[Try it] No line before the one containing "car Audi Q4 e-tron id48927 photo #2" is to be output; retype exactly that line and all lines that follow it to the end of the records.

BEGIN

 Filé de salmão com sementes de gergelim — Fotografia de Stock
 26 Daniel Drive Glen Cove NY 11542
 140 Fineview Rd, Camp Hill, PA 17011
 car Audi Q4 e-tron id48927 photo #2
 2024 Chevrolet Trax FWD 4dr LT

END

[Result of this task]
 car Audi Q4 e-tron id48927 photo #2
 2024 Chevrolet Trax FWD 4dr LT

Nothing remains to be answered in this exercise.